Search code examples
pandasapache-arrowfeathervaex

Arrow IPC vs Feather


What is the difference between Arrow IPC and Feather?

The official Arrow documentation has this to say about Feather:

Version 2 (V2), the default version, which is exactly represented as the Arrow IPC file format on disk. V2 files support storing all Arrow data types as well as compression with LZ4 or ZSTD. V2 was first made available in Apache Arrow 0.17.0.

While vaex, which is an alternative to pandas, has two different functions, one for Arrow IPC and one for Feather. polars, another pandas alternative, indicate that Arrow IPC and Feather are the same.


Solution

  • TL;DR There is no difference between the Arrow IPC file format and Feather V2.

    There's some confusion because of the two versions of Feather, and because of the Arrow IPC file format vs the Arrow IPC stream format.

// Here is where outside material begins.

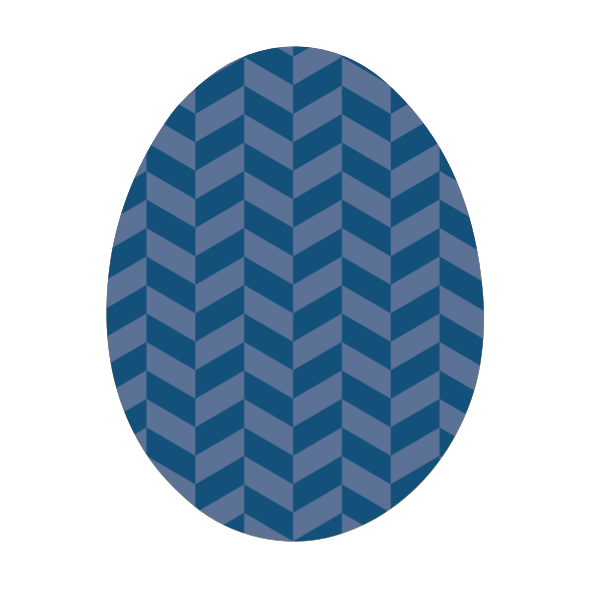 SVG Decorative Easter egg vector graphics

    For the two versions of Feather, see the FAQ entry:

    What about the “Feather” file format?

    The Feather v1 format was a simplified custom container for writing a subset of the Arrow format to disk prior to the development of the Arrow IPC file format. “Feather version 2” is now exactly the Arrow IPC file format and we have retained the “Feather” name and APIs for backwards compatibility.

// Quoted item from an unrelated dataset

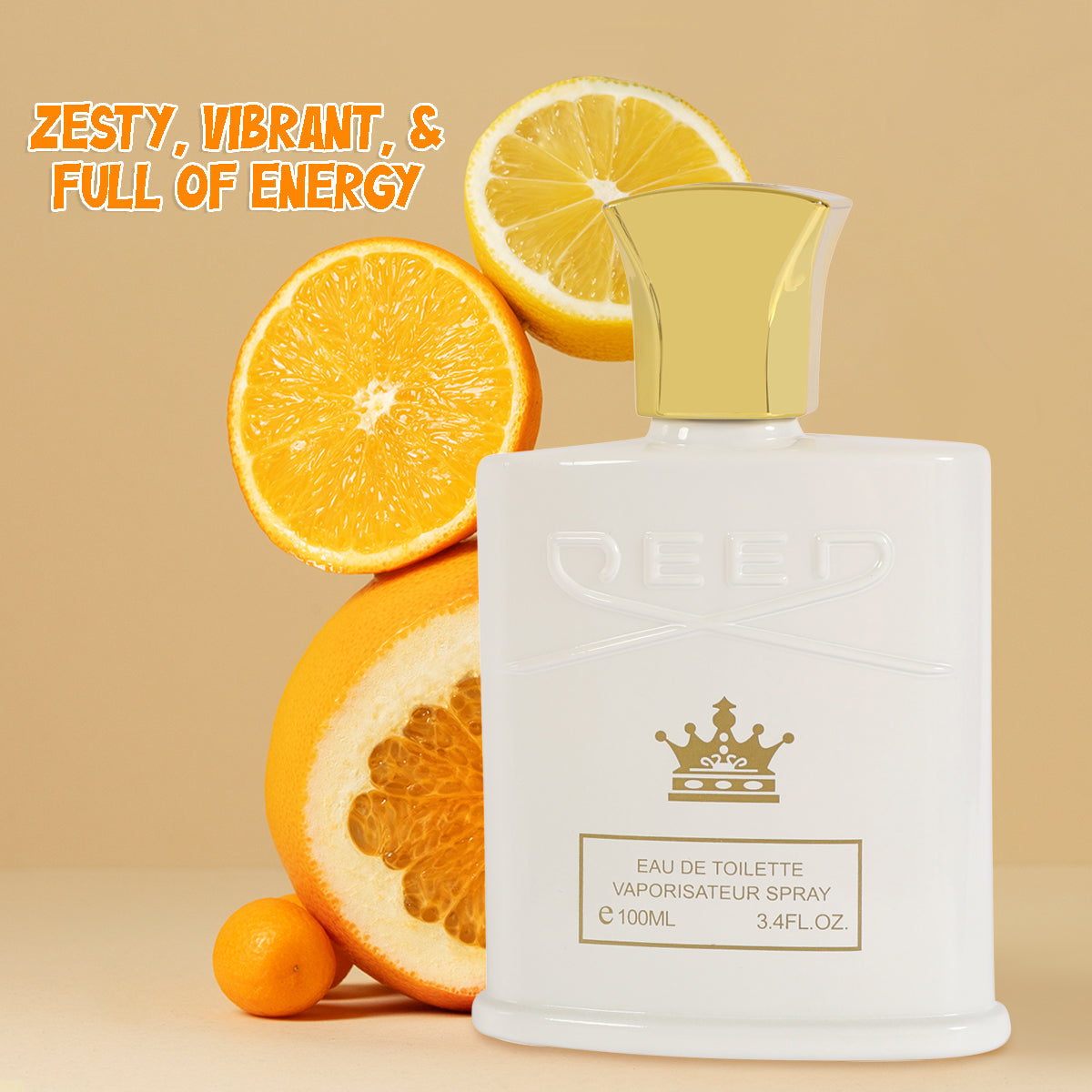 King-D White Spray Cologne Eau De Toilette For Men - 100ML/3.4 FL.OZ.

    So IPC == Feather(V2). Some places refer to Feather mean Feather(V1) which is different from the IPC file format. However, that doesn't seem to be the issue here: Polars and Vaex appear to use Feather to mean Feather(V2) (though Vaex slightly misleadingly says "Feather is exactly represented as the Arrow IPC file format on disk, but also support compression").

    Vaex exposes both export_arrow and export_feather. This relates to another point of Arrow, as it defines both an IPC stream format and an IPC file format. They differ in that the file format has a magic string (for file identification) and a footer (to support random access reads) (documentation).

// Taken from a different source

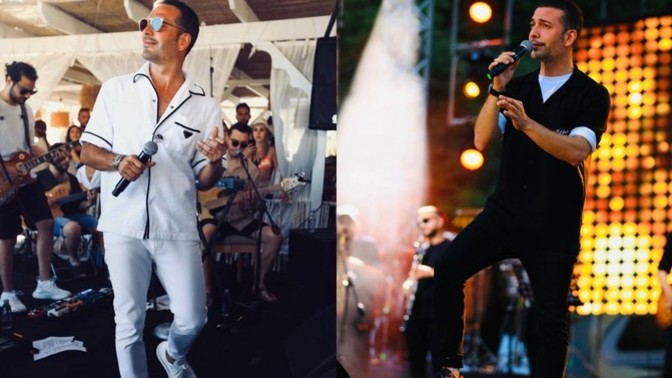 Biraz da erkek sanatçılarımızın kombinlerine bakalım! Oğuzhan Koç'un konser tarzını nasıl buldunuz?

    export_feather always writes the IPC file format (==FeatherV2), while export_arrow lets you choose between the IPC file format and the IPC stream format. Looking at where export_feather was added I think the confusion might stem from the PyArrow APIs making it obvious how to enable compression with the Feather API methods (which are a user-friendly convenience) but not with the IPC file writer (which is what export_arrow uses). But ultimately, the format being written is the same.